Detected encoding Returned label
UTF-8 (with BOM) utf-8
UTF-8 (no BOM) utf-8
UTF-16 big-endian utf-16be
UTF-16 little-endian utf-16le
UTF-32 big-endian utf-32be
UTF-32 little-endian utf-32le
Windows-1252 windows-1252
ISO-8859-1 iso-8859-1
ISO-8859-2 iso-8859-2
ISO-8859-15 iso-8859-15
Shift-JIS shift-jis
EUC-JP euc-jp
EUC-KR euc-kr
GBK gbk

Detection algorithm

Detection proceeds through three ordered stages, falling through only when necessary:

  1. BOM inspection — deterministic; longest-match first (4-byte UTF-32 before 2-byte UTF-16).
  2. UTF-8 structural validation — a leading 8 KB sample is decoded with utf8.decode(allowMalformed: false). Valid decode → utf-8.
  3. Candidate probe — the sample is tested against each candidate encoding using Charset.canDecode from the charset package.

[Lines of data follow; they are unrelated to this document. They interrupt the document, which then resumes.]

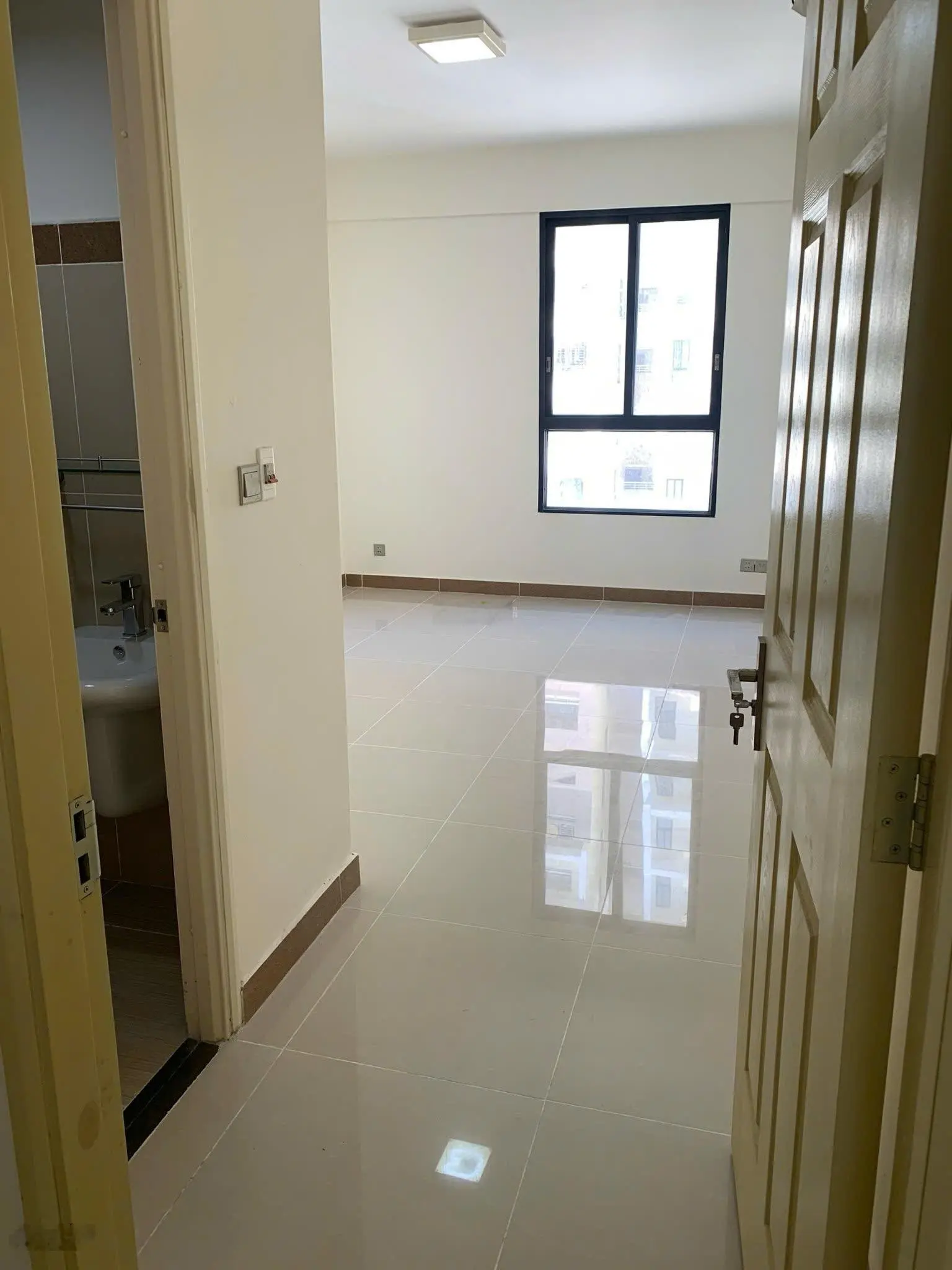 Bán căn hộ 161m2 3pn/4wc giá cực rẻ chỉ 2 tỷ 850 tại era town đức khải quận 7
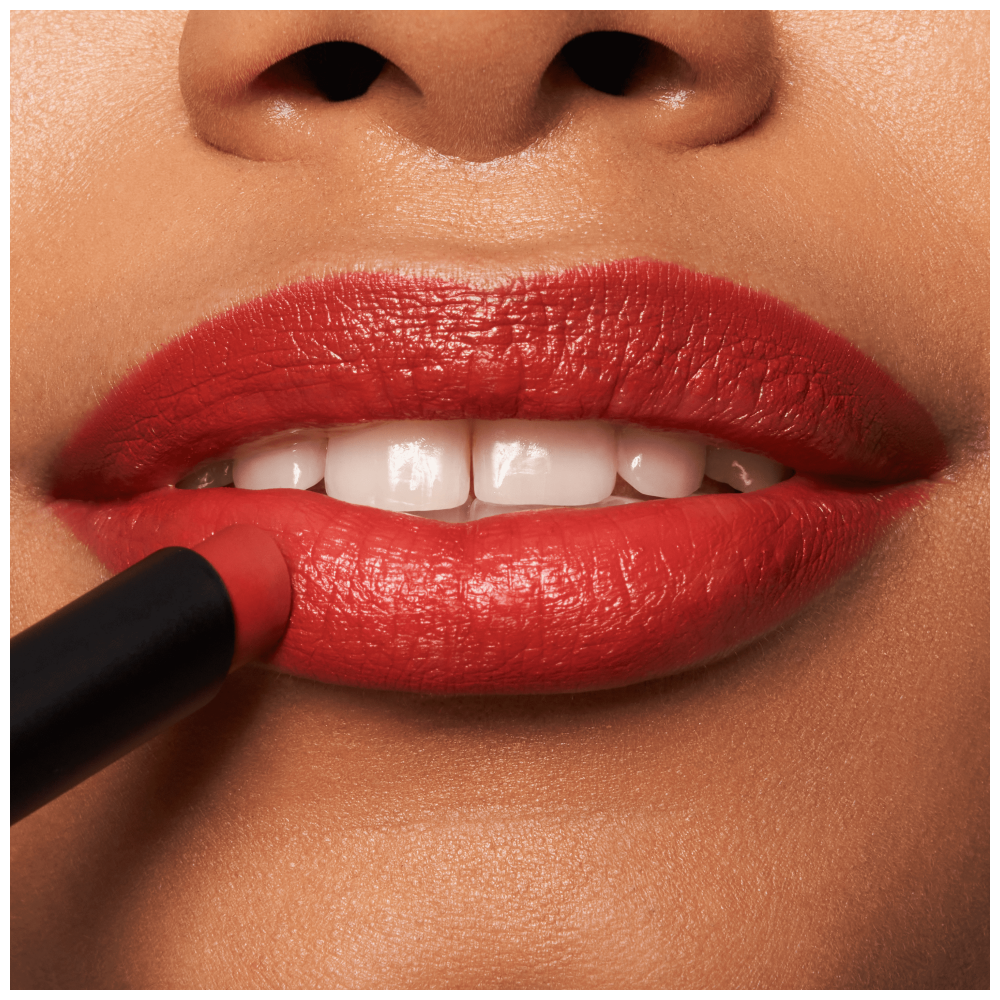 Labial Essence The Slim Stick – Acabado Mate Aterciopelado de Hasta 6 Horas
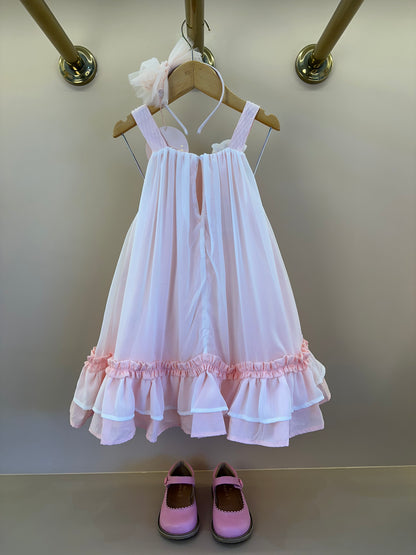 Vestido Infantil Fluído com Babados e Aplicacão Buque de Flores Salmão - Gabriela Aquarela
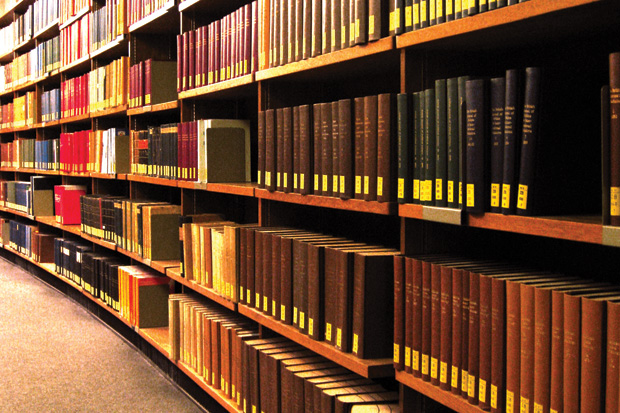 أمسية قصصية للكاتبة انعام القرشي بالزرقاء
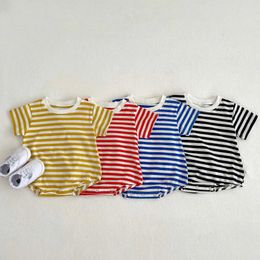 Rompers 2023 Summer New Baby Short Sleeve Striped Bodysuit Newborn Thin Cotton Jumpsuit Loose Toddler Infant Casual Clothes H240423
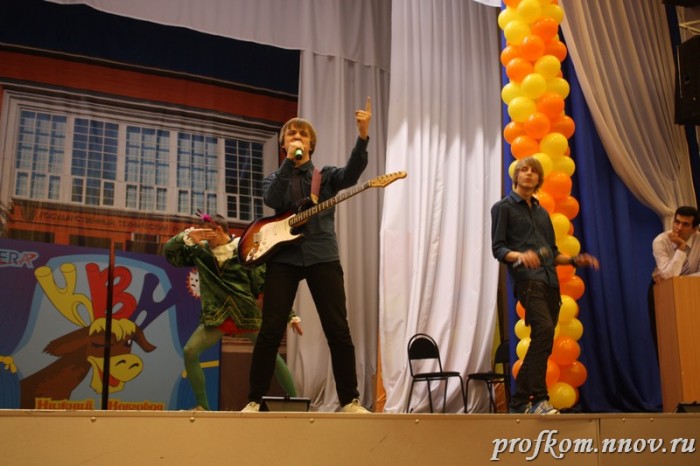 КВН 053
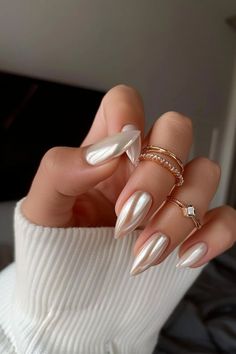 New Year Chrome Nails, Chrome On French Tip, Nail Art Chrome Design, Pearl Nails Color, Pearl Winter Nails, Disco Nail Designs, Silver Chrome Nails Almond, Nails Pearl Effect, Latest Nails Design 2024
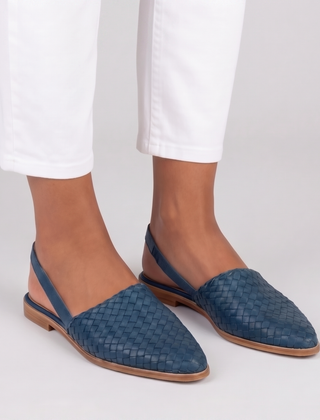Slingback blu intrecciate con cinturino posteriore, abbinate a pantaloni bianchi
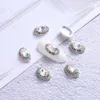 Nagelkunstdekorationen 10pcs Glas Strsestones Accessoires Platinplattierte Legierungsschalenkristallkit für Nägel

CJK encodings are promoted when >15% of sample bytes are ≥ 0x80.

Fallback: windows-1252.

Only the first 8 KB of input is read; the boundary is a hard byte cut (not aligned to character boundaries). This is a documented trade-off: the edge case of a valid UTF-8 file whose multi-byte sequence spans the 8 KB boundary is vanishingly rare and the consequence (misdetected as windows-1252) is mild.

Empty input returns utf-8 (empty byte sequences are valid UTF-8).

Additional information

Libraries

betto_charset_detector
A pure-Dart charset detection library for Dart and Flutter applications.